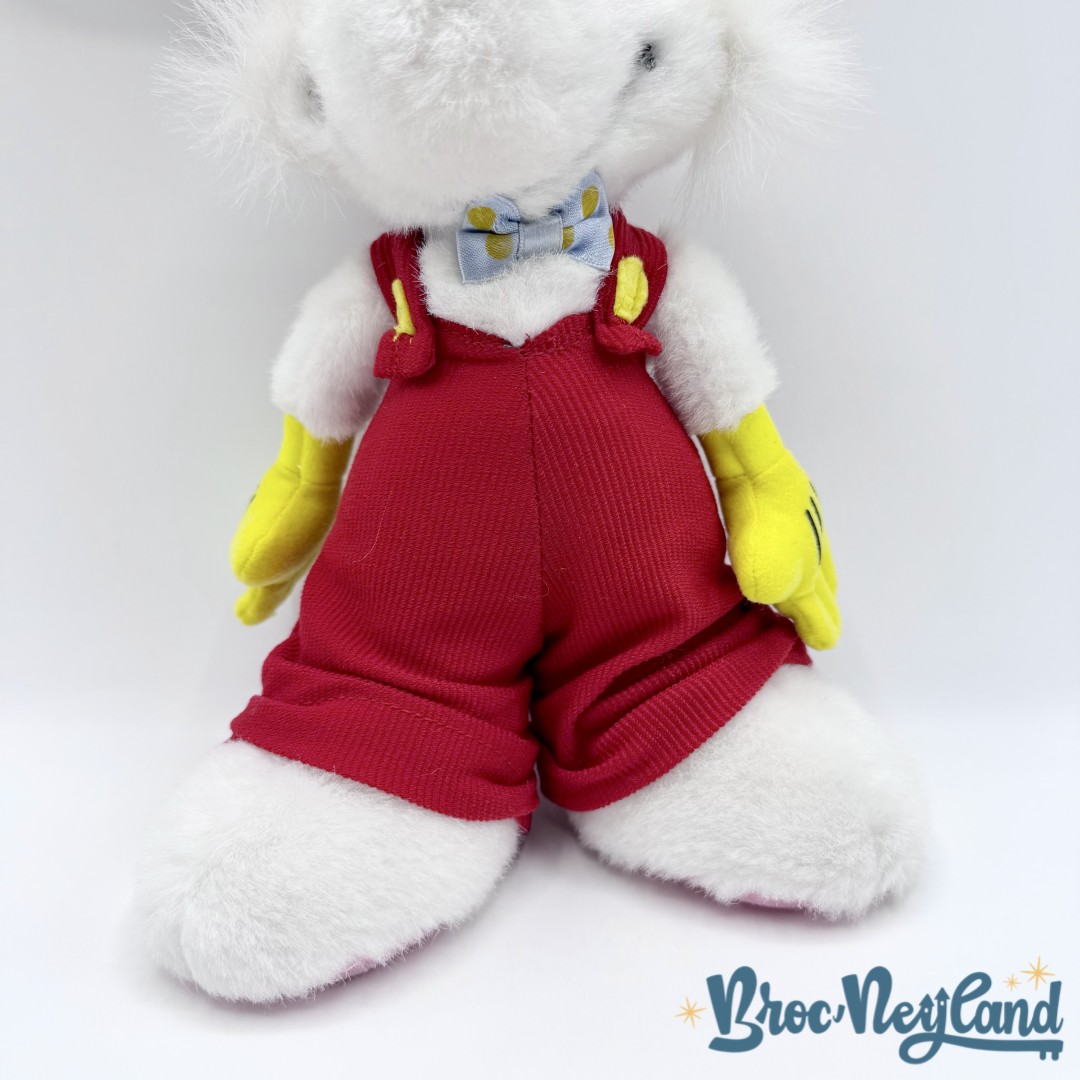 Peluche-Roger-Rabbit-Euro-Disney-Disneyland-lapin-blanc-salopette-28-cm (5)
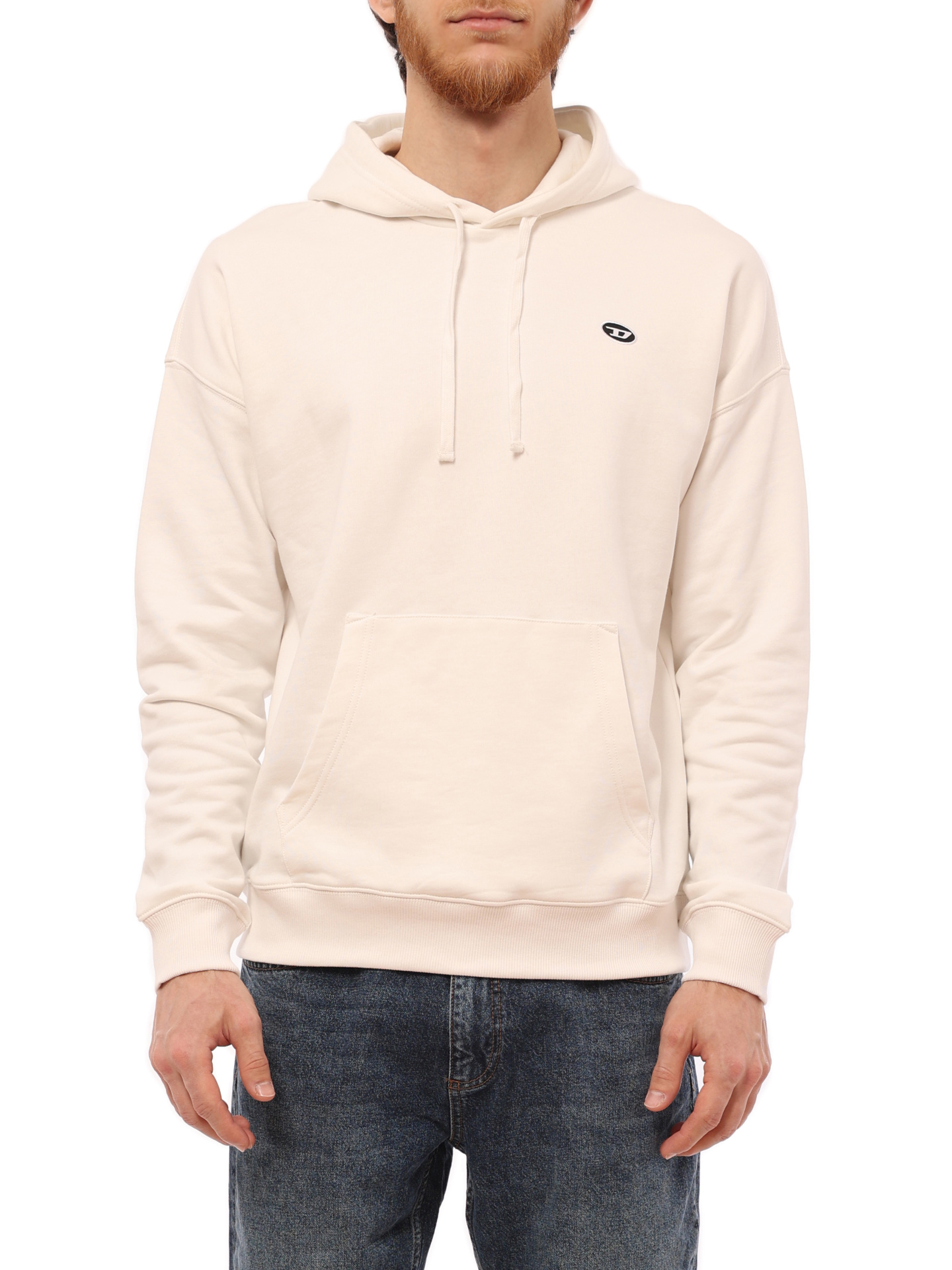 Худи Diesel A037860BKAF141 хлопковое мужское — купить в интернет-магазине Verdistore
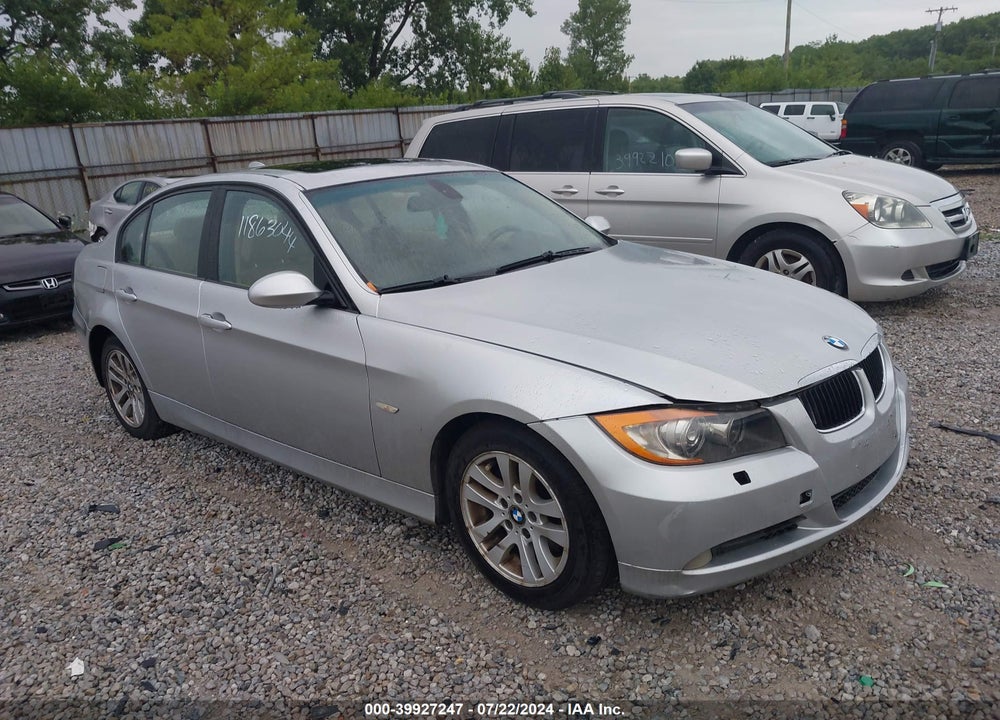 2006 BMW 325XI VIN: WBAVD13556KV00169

WORK TO COMPLETE: Omitting all pictures, set the listing down exactly.

EXERCISE SOLUTION:
 Peluche-Roger-Rabbit-Euro-Disney-Disneyland-lapin-blanc-salopette-28-cm (5)
 Худи Diesel A037860BKAF141 хлопковое мужское — купить в интернет-магазине Verdistore
 2006 BMW 325XI VIN: WBAVD13556KV00169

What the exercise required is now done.